Shilov Ignat V, Seymour Sean L, Patel Alpesh A, Loboda Alex, Tang Wilfred H, Keating Sean P, Hunter Christie L, Nuwaysir Lydia M, Schaeffer Daniel A
Applied Biosystems/MDS Sciex, Foster City, CA 94404, USA.
Mol Cell Proteomics. 2007 Sep;6(9):1638-55. doi: 10.1074/mcp.T600050-MCP200. Epub 2007 May 27.
The Paragon Algorithm, a novel database search engine for the identification of peptides from tandem mass spectrometry data, is presented. Sequence Temperature Values are computed using a sequence tag algorithm, allowing the degree of implication by an MS/MS spectrum of each region of a database to be determined on a continuum. Counter to conventional approaches, features such as modifications, substitutions, and cleavage events are modeled with probabilities rather than by discrete user-controlled settings to consider or not consider a feature. The use of feature probabilities in conjunction with Sequence Temperature Values allows for a very large increase in the effective search space with only a very small increase in the actual number of hypotheses that must be scored. The algorithm has a new kind of user interface that removes the user expertise requirement, presenting control settings in the language of the laboratory that are translated to optimal algorithmic settings.

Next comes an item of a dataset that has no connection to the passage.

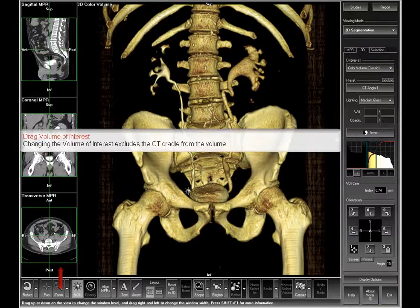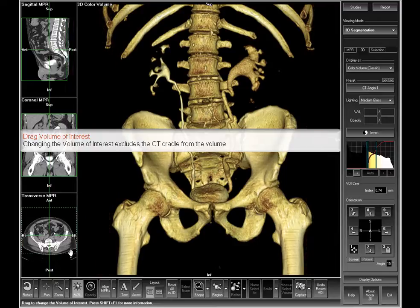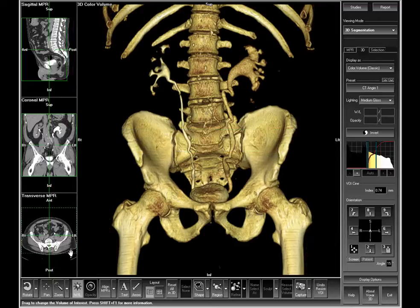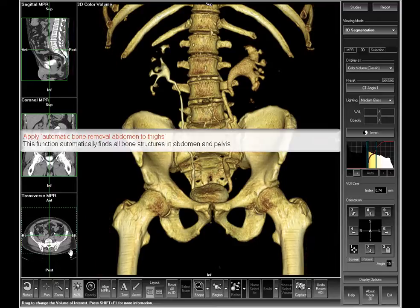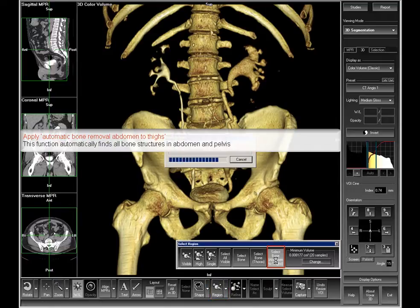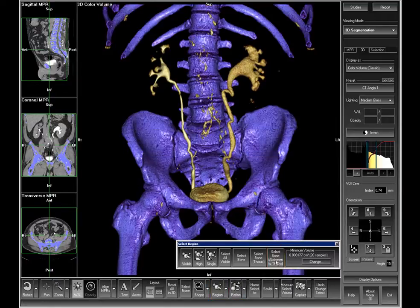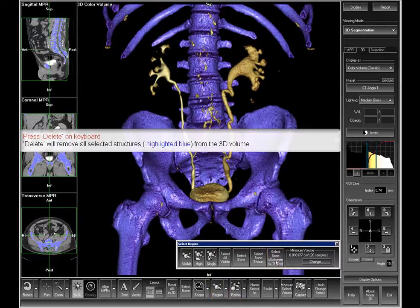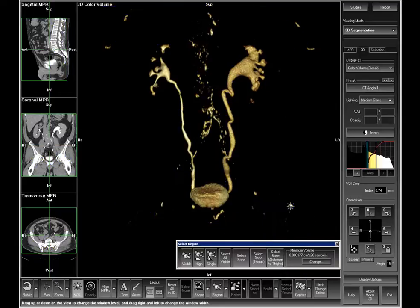Drag the volume of interest on the transverse image outline to remove the CT cradle. Use the automatic bone removal abdomen to thighs option from the region drop-down menu. This finds all the bone structures in the abdomen and pelvis automatically. Delete the bone by pressing the delete key on your keyboard.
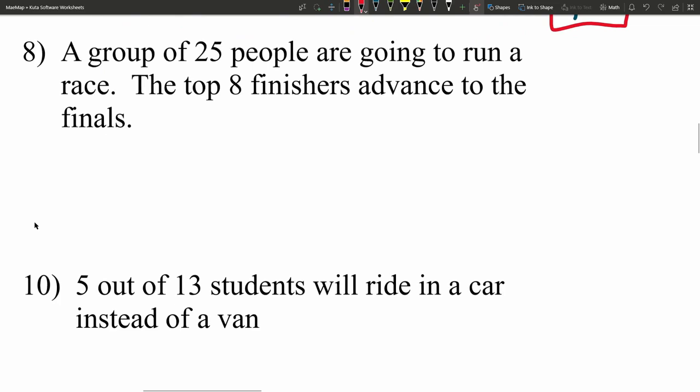Moving on to number 8, a group of 25 people are going to run a race and the top 8 finishers advance to the finals. It doesn't matter if they finished 1st versus 7th or even 8th — just the top 8 are going through. Since the order doesn't matter, this is going to be a combination.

To validate this new algorithm, a comparison with Mascot is presented for a series of analogous searches to explore the relative impact of increasing search space probed with Mascot by relaxing the tryptic digestion conformance requirements from trypsin to semitrypsin to no enzyme and with the Paragon Algorithm using its Rapid mode and Thorough mode with and without tryptic specificity. Although they performed similarly for small search space, dramatic differences were observed in large search space. With the Paragon Algorithm, hundreds of biological and artifact modifications, all possible substitutions, and all levels of conformance to the expected digestion pattern can be searched in a single search step, yet the typical cost in search time is only 2-5 times that of conventional small search space. Despite this large increase in effective search space, there is no drastic loss of discrimination that typically accompanies the exploration of large search space.
本文介绍了Paragon算法,这是一种用于从串联质谱数据中识别肽段的新型数据库搜索引擎。序列温度值使用序列标签算法计算,可在连续统一体上确定数据库每个区域的MS/MS谱图的隐含程度。与传统方法不同,修饰、替换和裂解事件等特征采用概率建模,而非通过离散的用户控制设置来决定是否考虑某个特征。将特征概率与序列温度值结合使用,可在有效搜索空间大幅增加的情况下,仅使必须评分的假设实际数量略有增加。该算法具有一种新型用户界面,消除了对用户专业知识的要求,以实验室语言呈现控制设置,并将其转换为最佳算法设置。为验证这一新算法,针对一系列类似搜索,将其与Mascot进行了比较,以探讨通过放宽胰蛋白酶消化一致性要求(从胰蛋白酶到半胰蛋白酶再到无酶)来扩大Mascot搜索空间的相对影响,以及Paragon算法在使用其快速模式和彻底模式时有无胰蛋白酶特异性的情况。尽管在小搜索空间中它们的表现相似,但在大搜索空间中观察到了显著差异。使用Paragon算法,在单个搜索步骤中可以搜索数百种生物和人为修饰、所有可能的替换以及与预期消化模式的所有一致性水平,而典型的搜索时间成本仅为传统小搜索空间的2 - 5倍。尽管有效搜索空间大幅增加,但在探索大搜索空间时通常不会出现显著的辨别力损失。